Task instructions:
An exact reproduction of all the data is needed, with no images in it.
⟨
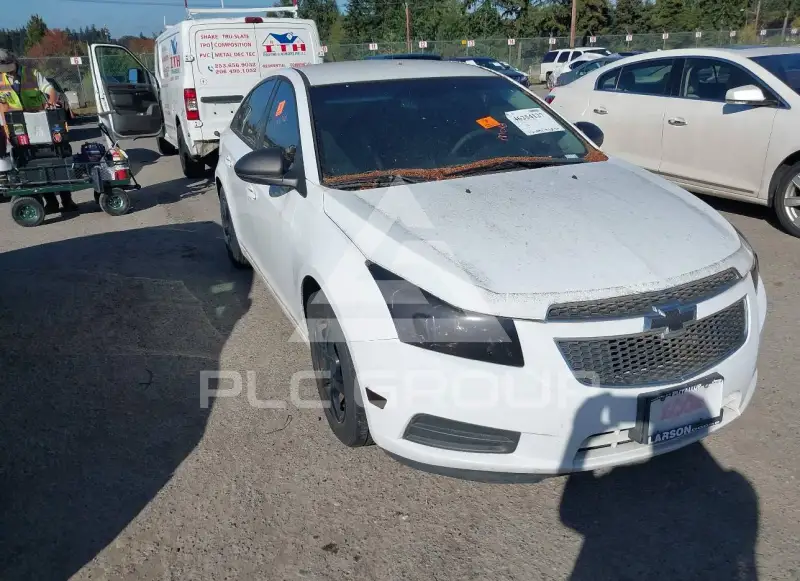 2014 Chevrolet Cruze photo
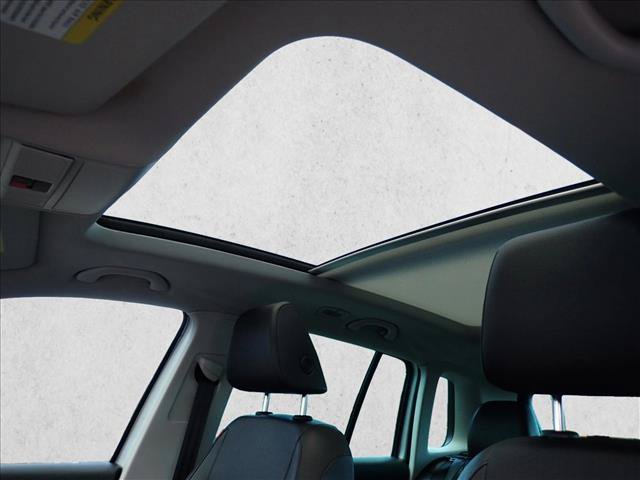 Used 2014 Volkswagen Tiguan SEL FWD image 11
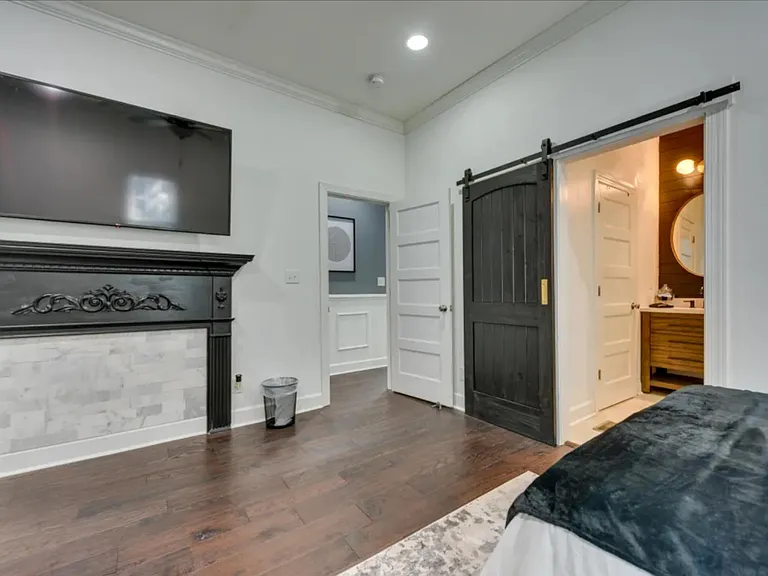1104 Greenleaf Ave — Photo 19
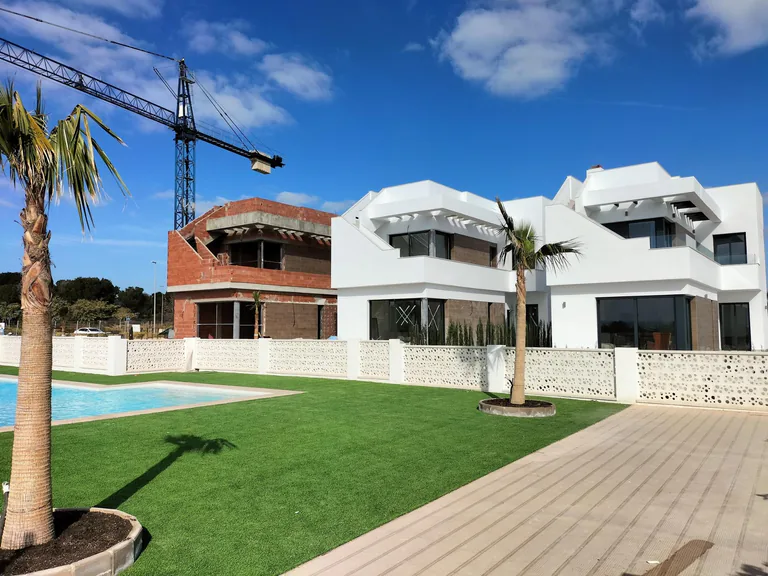 Villas de Obra Nueva en Pilar de la Horadada en el Campo de Golf
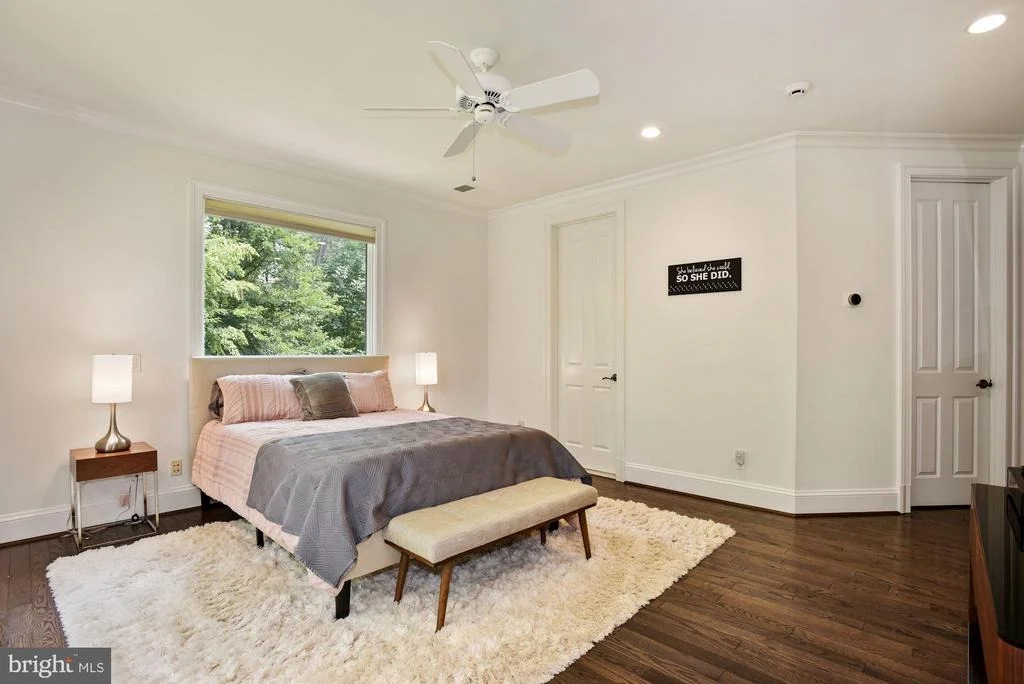 Photo of 1332 WINDY HILL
⟩
Solution to the problem:
 2014 Chevrolet Cruze photo
 Used 2014 Volkswagen Tiguan SEL FWD image 11
1104 Greenleaf Ave — Photo 19
 Villas de Obra Nueva en Pilar de la Horadada en el Campo de Golf
 Photo of 1332 WINDY HILL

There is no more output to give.